[EXERCISE INPUTS — start]

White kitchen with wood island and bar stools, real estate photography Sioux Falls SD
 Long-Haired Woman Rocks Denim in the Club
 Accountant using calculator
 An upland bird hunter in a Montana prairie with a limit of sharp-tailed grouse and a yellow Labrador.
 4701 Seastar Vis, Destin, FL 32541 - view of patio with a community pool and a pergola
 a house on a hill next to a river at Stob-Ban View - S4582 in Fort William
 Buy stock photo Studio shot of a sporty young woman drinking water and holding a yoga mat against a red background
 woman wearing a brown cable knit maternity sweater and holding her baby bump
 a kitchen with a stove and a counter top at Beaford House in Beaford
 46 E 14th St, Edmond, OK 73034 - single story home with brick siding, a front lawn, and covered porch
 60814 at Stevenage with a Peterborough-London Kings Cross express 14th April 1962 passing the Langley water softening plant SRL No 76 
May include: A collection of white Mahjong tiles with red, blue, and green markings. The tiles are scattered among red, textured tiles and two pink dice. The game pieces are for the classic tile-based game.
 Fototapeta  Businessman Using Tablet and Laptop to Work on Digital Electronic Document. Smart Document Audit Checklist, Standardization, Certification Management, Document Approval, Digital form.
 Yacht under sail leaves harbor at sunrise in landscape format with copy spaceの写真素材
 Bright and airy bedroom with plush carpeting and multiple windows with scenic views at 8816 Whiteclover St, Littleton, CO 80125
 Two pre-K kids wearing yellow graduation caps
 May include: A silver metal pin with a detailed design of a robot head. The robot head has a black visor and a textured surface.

[EXERCISE INPUTS — finish]

◆ ABOUT THIS TASK: The answer should consist of all the lines above, retyped exactly.

◆ RESPONSE:
White kitchen with wood island and bar stools, real estate photography Sioux Falls SD
 Long-Haired Woman Rocks Denim in the Club
 Accountant using calculator
 An upland bird hunter in a Montana prairie with a limit of sharp-tailed grouse and a yellow Labrador.
 4701 Seastar Vis, Destin, FL 32541 - view of patio with a community pool and a pergola
 a house on a hill next to a river at Stob-Ban View - S4582 in Fort William
 Buy stock photo Studio shot of a sporty young woman drinking water and holding a yoga mat against a red background
 woman wearing a brown cable knit maternity sweater and holding her baby bump
 a kitchen with a stove and a counter top at Beaford House in Beaford
 46 E 14th St, Edmond, OK 73034 - single story home with brick siding, a front lawn, and covered porch
 60814 at Stevenage with a Peterborough-London Kings Cross express 14th April 1962 passing the Langley water softening plant SRL No 76 
May include: A collection of white Mahjong tiles with red, blue, and green markings. The tiles are scattered among red, textured tiles and two pink dice. The game pieces are for the classic tile-based game.
 Fototapeta  Businessman Using Tablet and Laptop to Work on Digital Electronic Document. Smart Document Audit Checklist, Standardization, Certification Management, Document Approval, Digital form.
 Yacht under sail leaves harbor at sunrise in landscape format with copy spaceの写真素材
 Bright and airy bedroom with plush carpeting and multiple windows with scenic views at 8816 Whiteclover St, Littleton, CO 80125
 Two pre-K kids wearing yellow graduation caps
 May include: A silver metal pin with a detailed design of a robot head. The robot head has a black visor and a textured surface.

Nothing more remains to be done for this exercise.